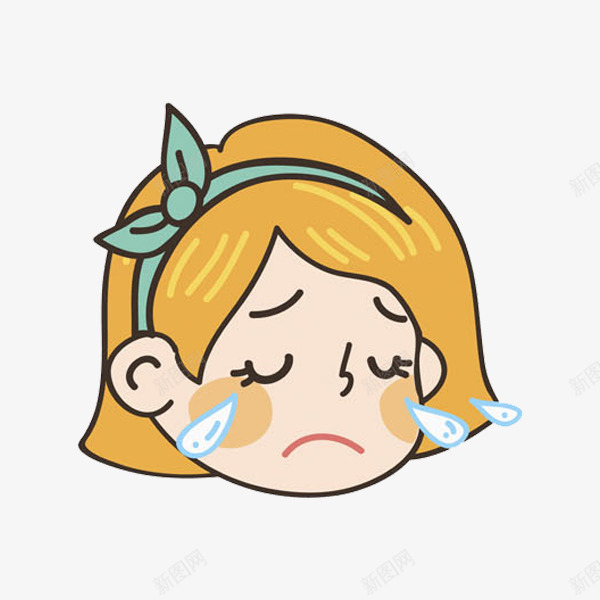 流泪的女孩png免抠素材_新图网 https://ixintu.com 卡通 发卡 头像 插图 流泪的 蝴蝶结 黄色的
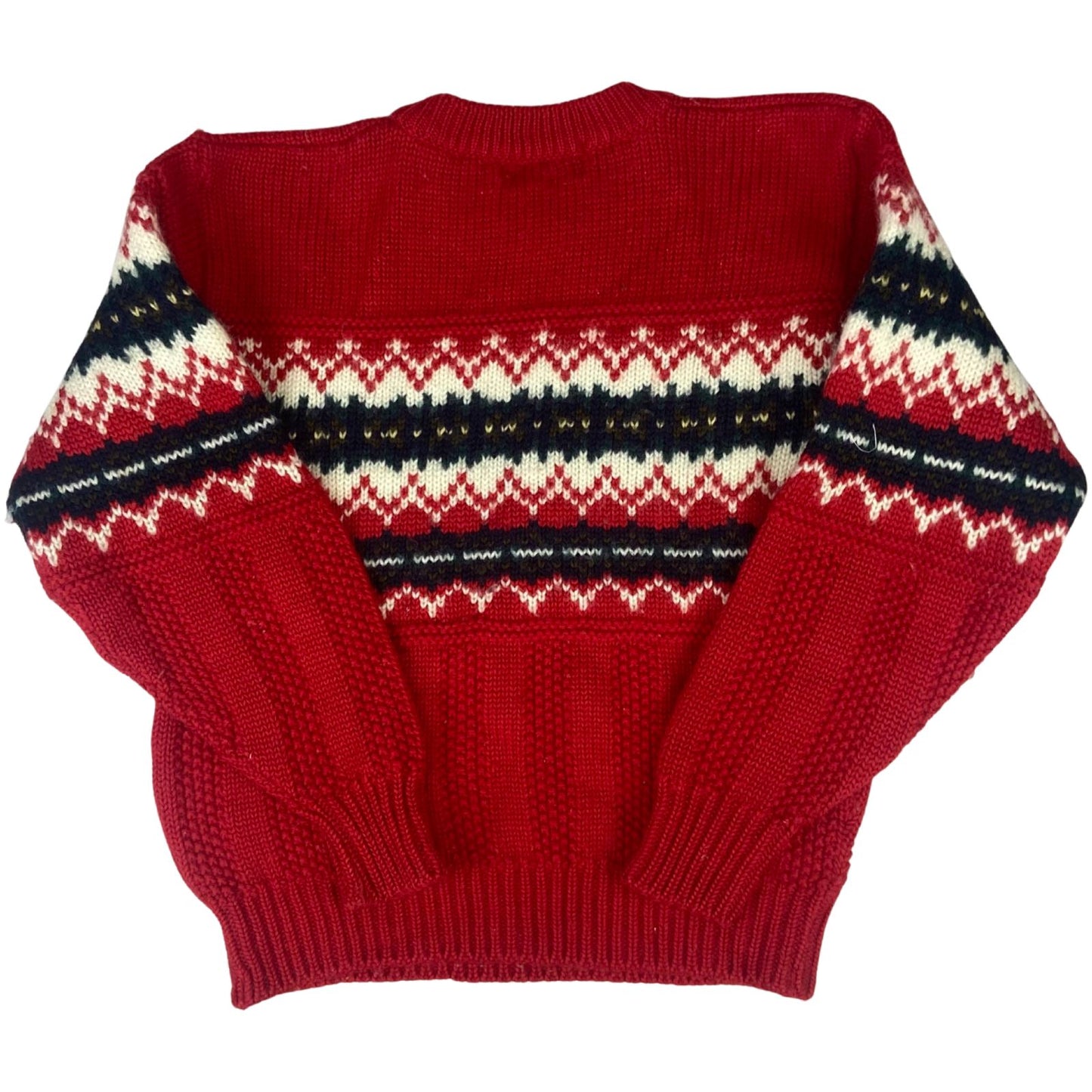 VTG 70s 80s USA McGREGOR WOOL ICELANDIC PATTERN KNIT SWEATER JUMPER 34” XS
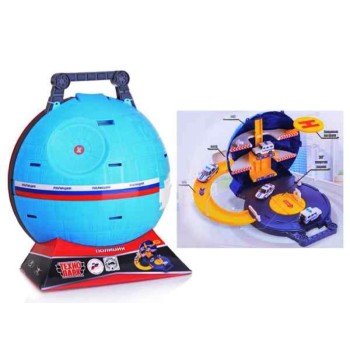 Технопарк. Шар-парковка "Полиция" арт.A129-H06049-R с двумя машинками УАЗ, Лада 7,5 см.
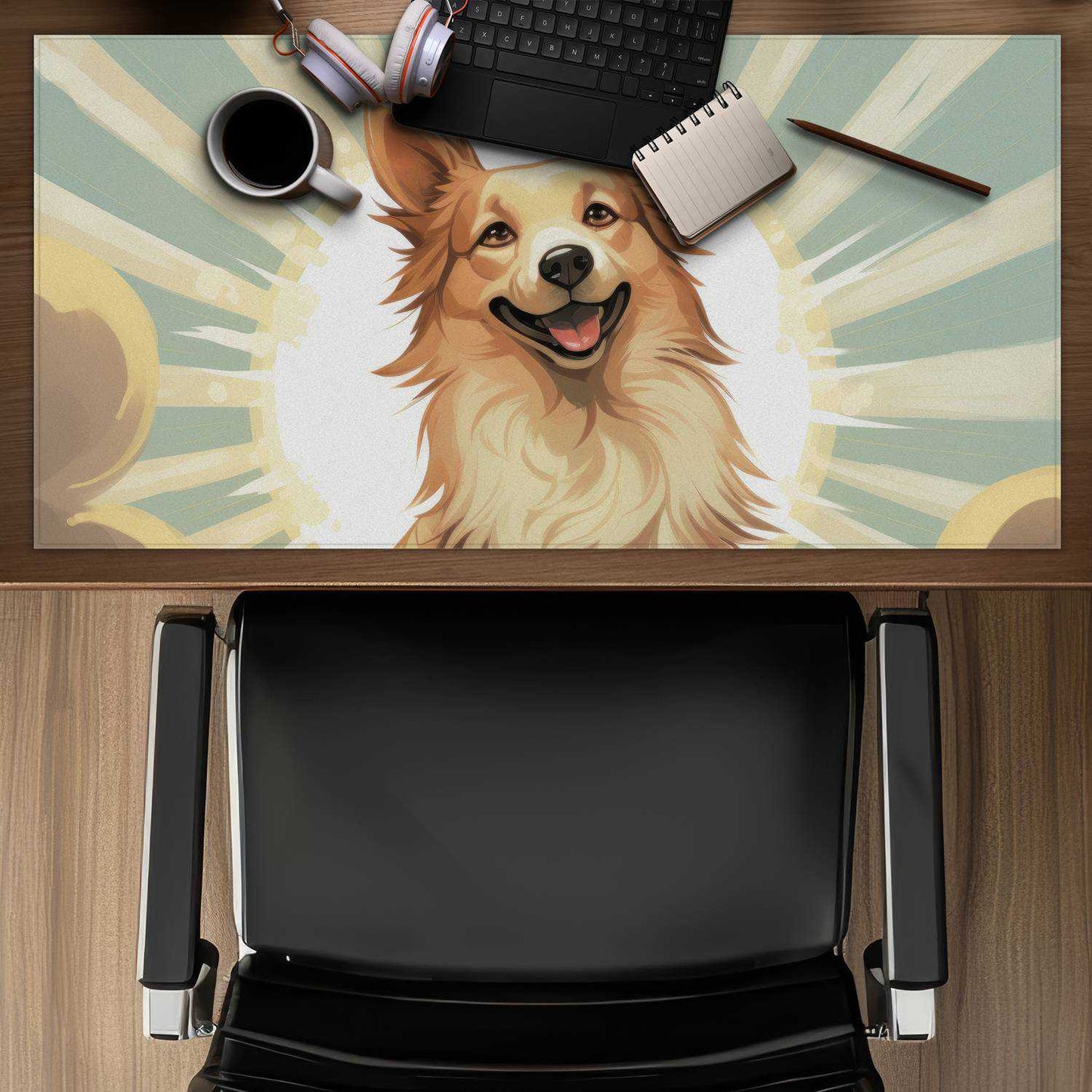Who's a good boy - Beige Desk Mat for Stylish Home Decor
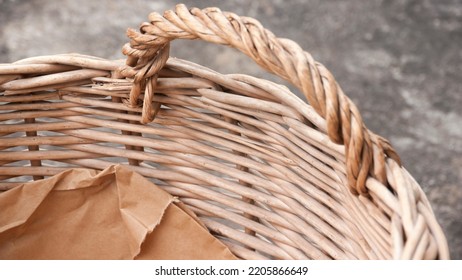 Used Wicker Basket Handle Detail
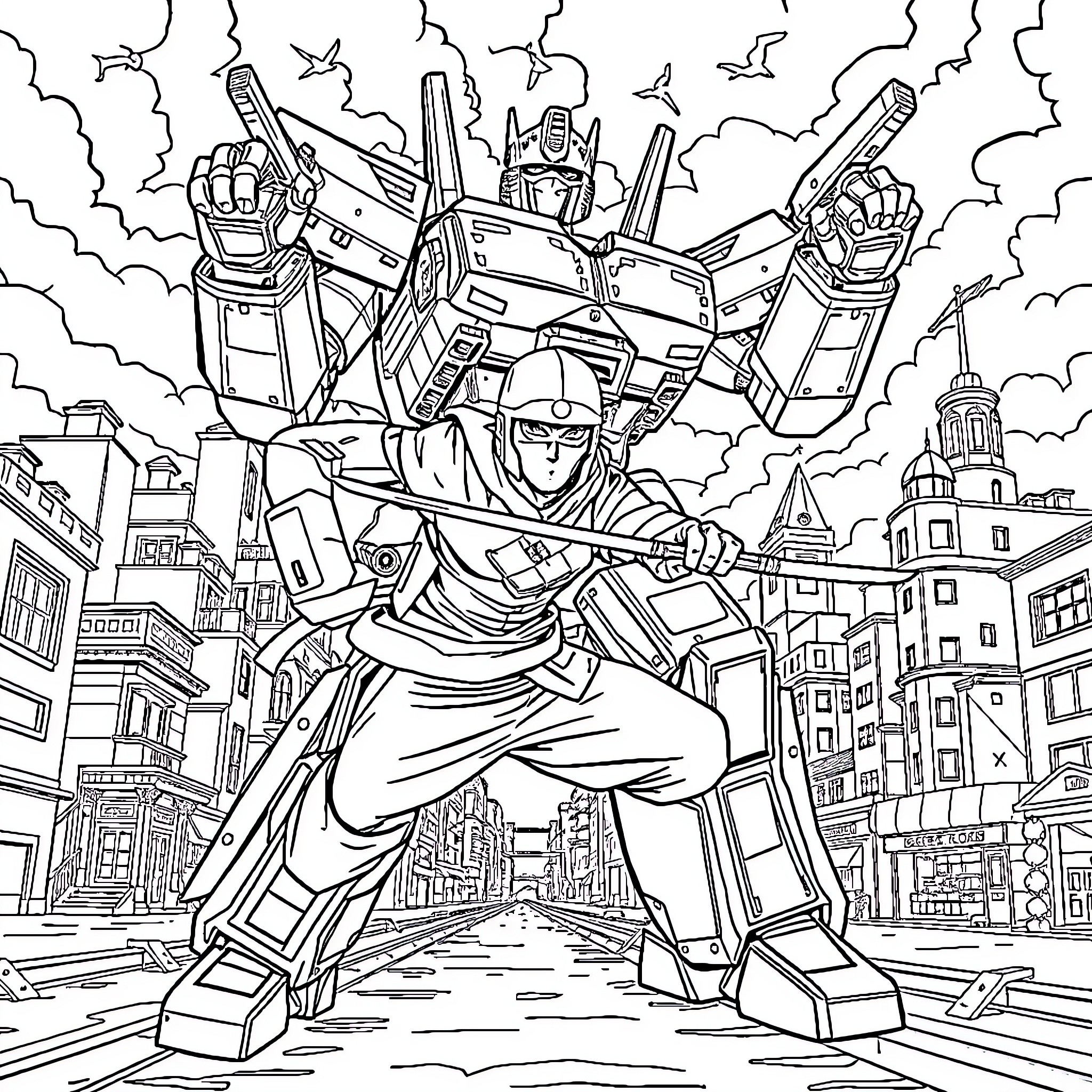 Ninja Warrior Battles Giant Robot in Futuristic City Coloring Page (free black-and-white line drawing printable PDF for all, from beginners to advanced learners, including children, teens, adults, and seniors)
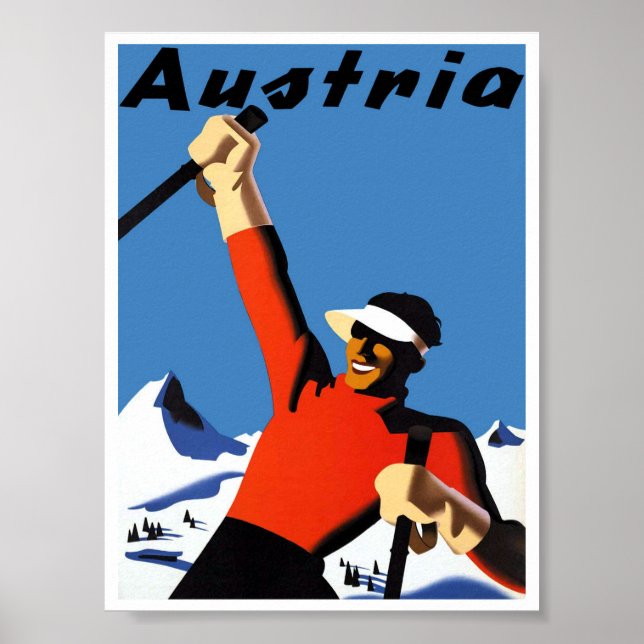Affiche de ski Vintage Autriche Retro (Devant)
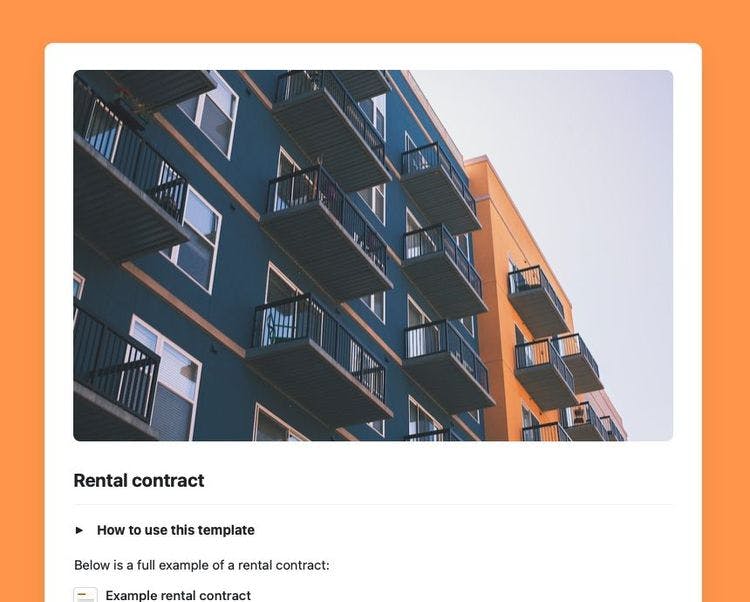Craft Free Template: Rental contract in Craft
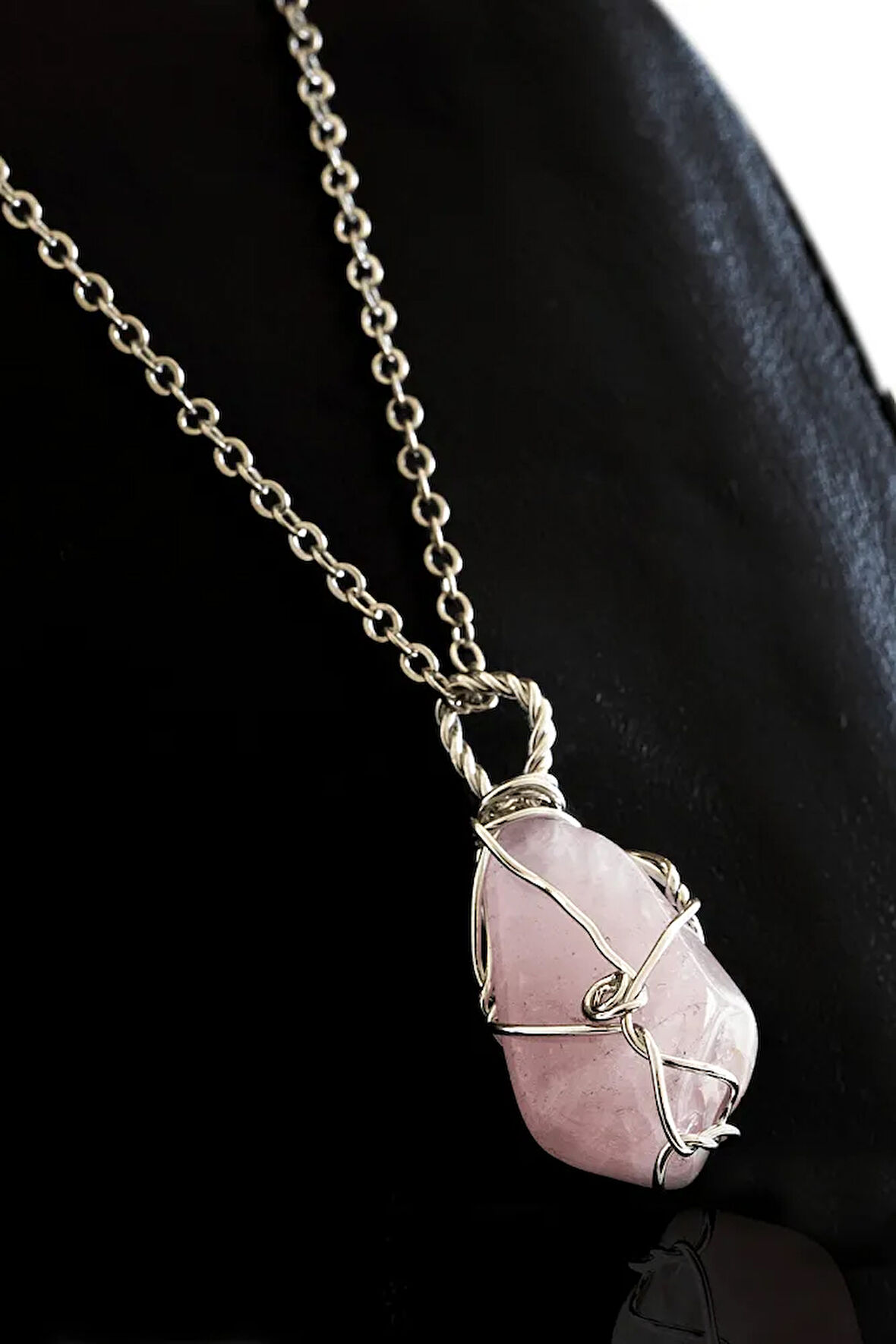 Sertifikalı Ham Işlenmemiş Tel Sargılı Doğal Açık Pembe Kuvars Taşı Kolye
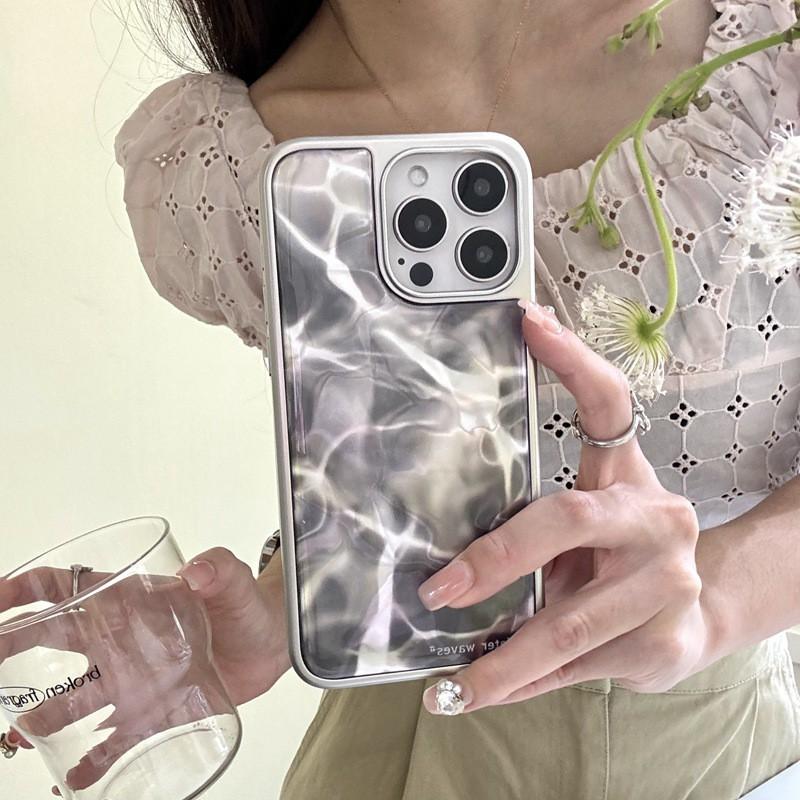 Wasserwellen Handyhülle iPhone 18 Pro Max 17 16 15 14 13 Anti-Drop Galvanisierte Hülle Männer Frauen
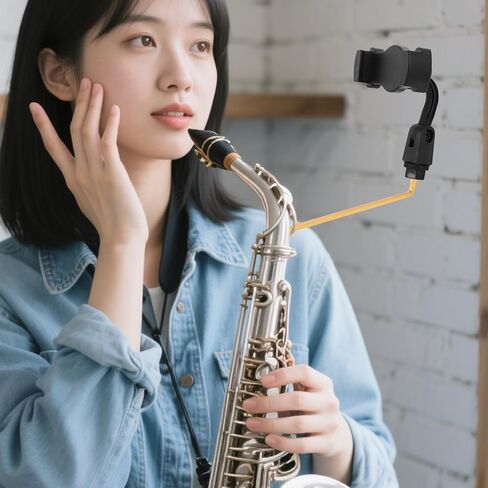 KALLORY Universal Saxophone Lyre Music Holder Clip with Abs and Stainless Steel Construction for Smartphones and Tablets, Handsfree Practice Stand Suitable for Marching Band Events in Saudi Arabia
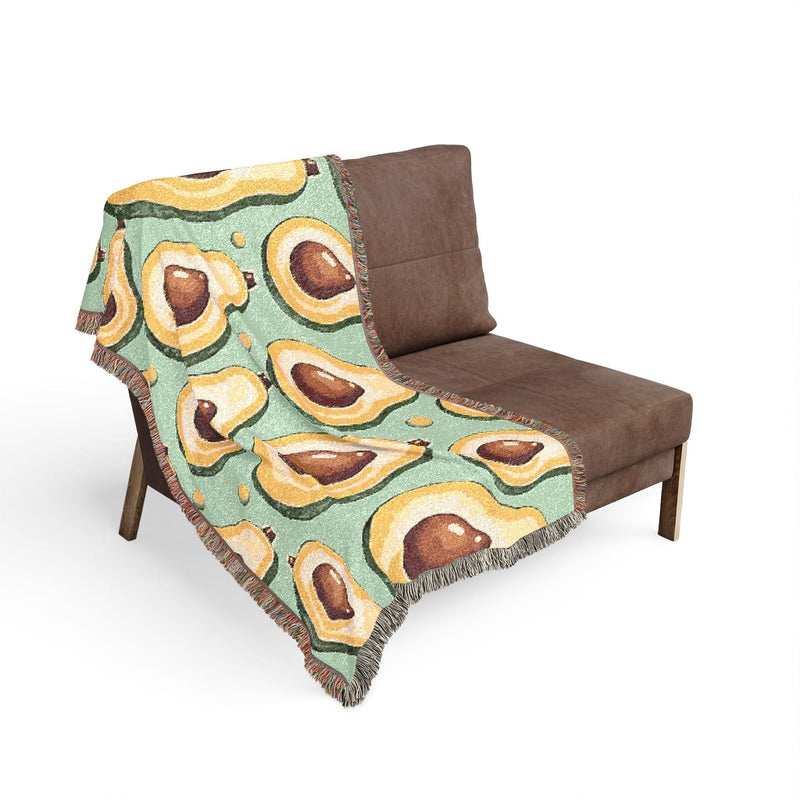 Avocado Pattern Woven Blanket – Cozy Decorative Throw for Kitchen, Living Room & Gifts-7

-------

Please keep the pictures out and reproduce the records above exactly.

(Task output)
 流泪的女孩png免抠素材_新图网 https://ixintu.com 卡通 发卡 头像 插图 流泪的 蝴蝶结 黄色的
 VTG 70s 80s USA McGREGOR WOOL ICELANDIC PATTERN KNIT SWEATER JUMPER 34” XS
 Технопарк. Шар-парковка "Полиция" арт.A129-H06049-R с двумя машинками УАЗ, Лада 7,5 см.
Who's a good boy - Beige Desk Mat for Stylish Home Decor
 Used Wicker Basket Handle Detail
 Ninja Warrior Battles Giant Robot in Futuristic City Coloring Page (free black-and-white line drawing printable PDF for all, from beginners to advanced learners, including children, teens, adults, and seniors)
Affiche de ski Vintage Autriche Retro (Devant)
Craft Free Template: Rental contract in Craft
 Sertifikalı Ham Işlenmemiş Tel Sargılı Doğal Açık Pembe Kuvars Taşı Kolye
 Wasserwellen Handyhülle iPhone 18 Pro Max 17 16 15 14 13 Anti-Drop Galvanisierte Hülle Männer Frauen
 KALLORY Universal Saxophone Lyre Music Holder Clip with Abs and Stainless Steel Construction for Smartphones and Tablets, Handsfree Practice Stand Suitable for Marching Band Events in Saudi Arabia
 Avocado Pattern Woven Blanket – Cozy Decorative Throw for Kitchen, Living Room & Gifts-7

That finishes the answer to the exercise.